Enfin, il paraît inéquitable de laisser à la charge de la société civile immobilière AUGUSTE, [A] les frais qu’elle a dû avancer dans le cadre de la présente instance, non compris dans les dépens. Il convient de lui allouer à ce titre la somme de 500 € sur le fondement de l’article 700 du code de procédure civile, au paiement de laquelle Monsieur, [T], [S] sera condamné.

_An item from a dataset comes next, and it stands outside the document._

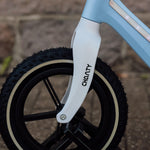 Chanty Go Blå Löpcykel | Med integrerat ljus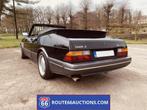 Remetz 900 Turbo 16 Cabriolet | Route 66 Auctions, Auto's, Oldtimers, Overige merken, Cabriolet, Zwart, Leder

La présente décision est assortie de l’exécution provisoire de plein droit.
PAR CES MOTIFS
Le juge des contentieux de la protection, statuant publiquement, par jugement réputé contradictoire et en premier ressort,
CONSTATE la résiliation au 28 août 2025 du bail conclu entre la société civile immobilière AUGUSTE, [A] d’une part et Monsieur, [T], [S] d’autre part, relatif au logement situé, [Adresse 3], du fait de l’acquisition de la clause résolutoire ;
EN CONSÉQUENCE,
ORDONNE à Monsieur, [T], [S] et à tout occupant de son chef de libérer le logement dans le mois de la signification du présent jugement ;
DIT qu’à défaut pour Monsieur, [T], [S] d’avoir volontairement libéré les lieux dans ce délai, la société civile immobilière AUGUSTE, [A] pourra faire procéder à son expulsion ainsi qu’à celle de tout occupant de son chef, au besoin avec le concours de la force publique, conformément aux dispositions des articles L 411-1 et suivants du code des procédures civiles d’exécution ;
RAPPELLE qu’il ne pourra être procédé à cette expulsion qu’après l’expiration d’un délai de deux mois suivant délivrance d’un commandement de quitter les lieux par huissier de Justice, et que toute expulsion forcée est prohibée entre le 1er novembre et le 31 mars, sauf exception ;
DIT que les meubles et objets se trouvant sur les lieux suivront le sort prévu par les articles L 433-1 et suivants et R433-1 et suivants dudit code ;
CONDAMNE Monsieur, [T], [S] à verser à la société civile immobilière AUGUSTE, [A] la somme de 3.311,84 euros, avec intérêts au taux légal sur la somme de 1.419,36 euros à compter du 16 juillet 2025, date du commandement, et à compter de la présente décision sur le surplus au titre de l’arriéré de loyers, de charges et d’indemnités d’occupation arrêté au mois de novembre 2025 inclus, et à compter de la présente décision sur le surplus ;
CONDAMNE Monsieur, [T], [S] à verser à la société civile immobilière AUGUSTE, [A] une indemnité mensuelle d’occupation égale au montant révisable du loyer et des charges qui auraient été dus en l’absence de résiliation du bail, à compter du mois de décembre 2025 et jusqu’à la date de libération effective des lieux matérialisée par la remise des clés au propriétaire ;
CONDAMNE Monsieur, [T], [S] à payer à la société civile immobilière AUGUSTE, [A] la somme de 500 € au titre des dispositions de l’article 700 du code de procédure civile ;
CONDAMNE Monsieur, [T], [S] aux dépens, qui comprendront le coût du commandement de payer du 16 juillet 2025, de l’assignation et de leur notification à la CCAPEX et à la Préfecture ;
RAPPELLE que l’exécution provisoire de la présente décision est de droit ;
DÉBOUTE les parties de leurs demandes plus amples ou contraires ;
DIT que copie de la présente décision sera communiquée par les soins du Greffe au Représentant de l’Etat dans le Département, en application de l’article R412-2 du code des procédures civiles d’exécution.
Ainsi prononcé par mise à disposition au greffe le 12 janvier 2026.